If I inspect the log file, after the first job is done, it seems that 2 Scrapy bots are started, so maybe something weird is happening:
2017-05-29 23:51:41 [scrapy.extensions.feedexport] INFO: Stored json feed (2284 items) in: data\one_origin\20170529.json
2017-05-29 23:51:41 [scrapy.core.engine] INFO: Spider closed (finished)
2017-05-29 23:51:41 [stdout] INFO: Data successfuly crawled
2017-05-29 23:51:44 [scrapy.utils.log] INFO: Scrapy 1.3.2 started (bot: scrapybot)
2017-05-29 23:51:44 [scrapy.utils.log] INFO: Scrapy 1.3.2 started (bot: scrapybot)
2017-05-29 23:51:44 [scrapy.utils.log] INFO: Overridden settings: {'LOG_FILE': 'scrapy_output.txt', 'FEED_FORMAT': 'json', 'FEED_URI': 'data\\other_origin\\20170529.json', 'USER_AGENT': 'Mozilla/4.0 (compatible; MSIE 7.0; Windows NT 5.1)', 'LOG_STDOUT': True, 'RETRY_TIMES': 5, 'RETRY_HTTP_CODES': [500, 503, 504, 400, 404, 408], 'DOWNLOAD_DELAY': 3}
2017-05-29 23:51:44 [scrapy.utils.log] INFO: Overridden settings: {'LOG_FILE': 'scrapy_output.txt', 'FEED_FORMAT': 'json', 'FEED_URI': 'data\\other_origin\\20170529.json', 'USER_AGENT': 'Mozilla/4.0 (compatible; MSIE 7.0; Windows NT 5.1)', 'LOG_STDOUT': True, 'RETRY_TIMES': 5, 'RETRY_HTTP_CODES': [500, 503, 504, 400, 404, 408], 'DOWNLOAD_DELAY': 3}
...
2017-05-29 23:51:44 [scrapy.core.engine] INFO: Spider opened
2017-05-29 23:51:44 [scrapy.core.engine] INFO: Spider opened
2017-05-29 23:51:44 [scrapy.extensions.logstats] INFO: Crawled 0 pages (at 0 pages/min), scraped 0 items (at 0 items/min)

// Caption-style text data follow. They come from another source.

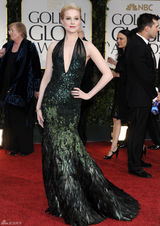 组图：69届金球奖伊万-蕾切尔-伍德羽毛裙动人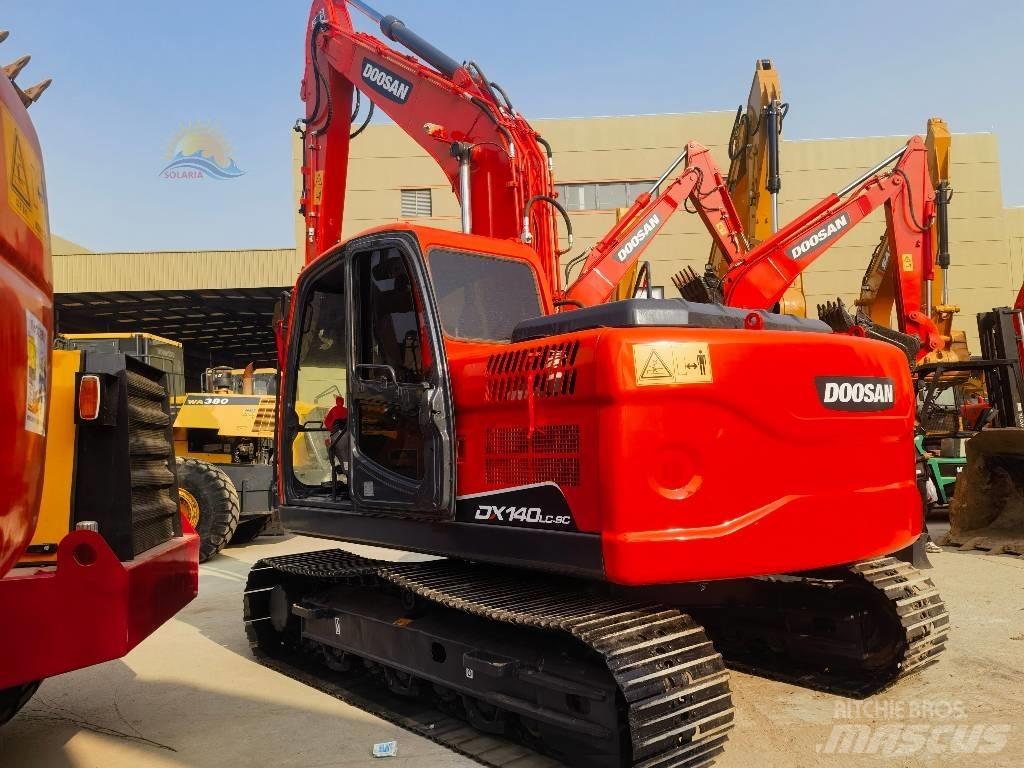 Doosan DX 140 LC Excavadoras de cadenas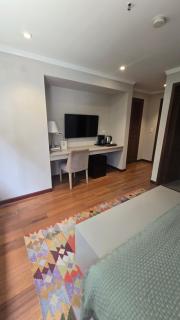 Modern Comfort in the Heart of Zona G 202 - 1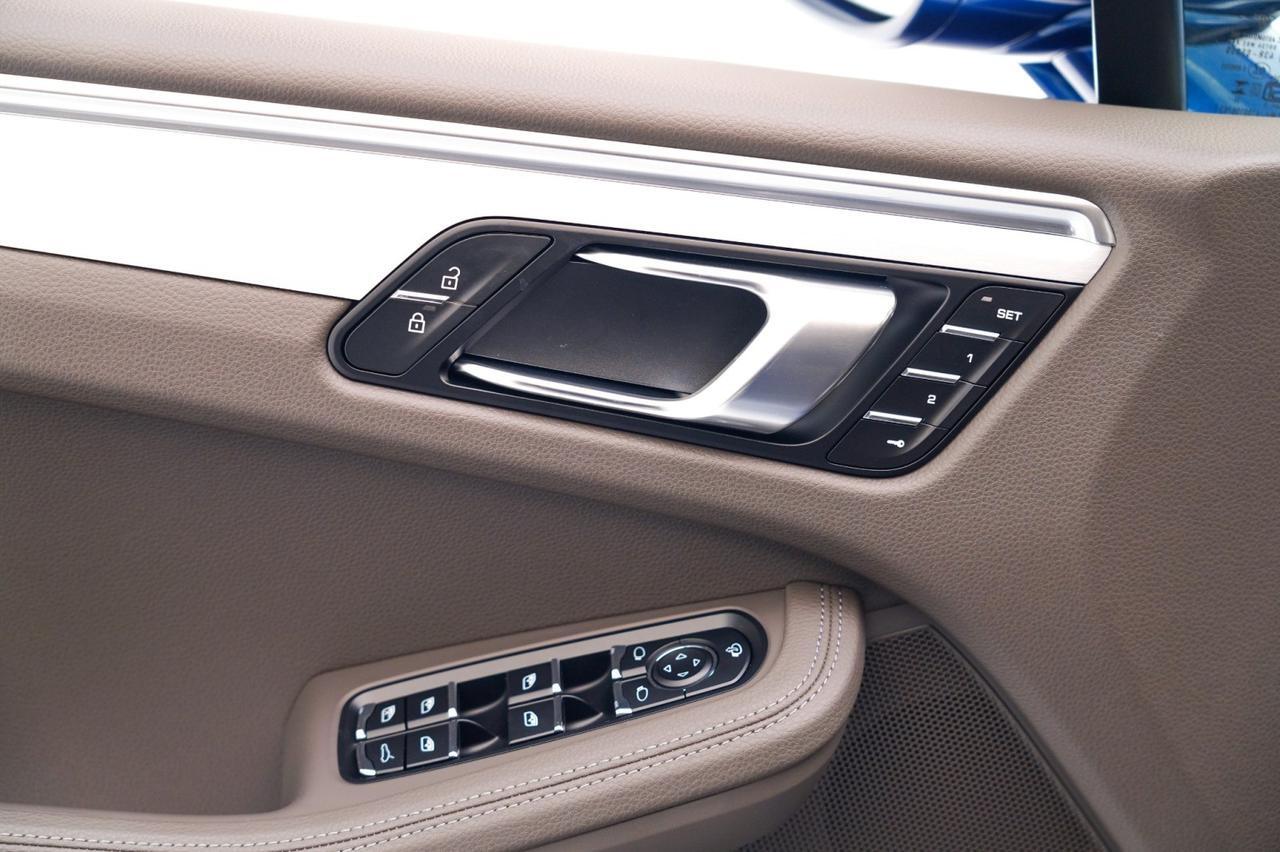 2025 Porsche Macan Pompano Beach FL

2017-05-29 23:51:44 [scrapy.extensions.logstats] INFO: Crawled 0 pages (at 0 pages/min), scraped 0 items (at 0 items/min)
2017-05-29 23:51:44 [scrapy.extensions.telnet] DEBUG: Telnet console listening on 127.0.0.1:6024
2017-05-29 23:51:44 [scrapy.extensions.telnet] DEBUG: Telnet console listening on 127.0.0.1:6024
2017-05-29 23:51:44 [stdout] INFO: ERROR while crawling:
2017-05-29 23:51:44 [stdout] INFO: ERROR while crawling:
Any idea of what's happening and how to fix this?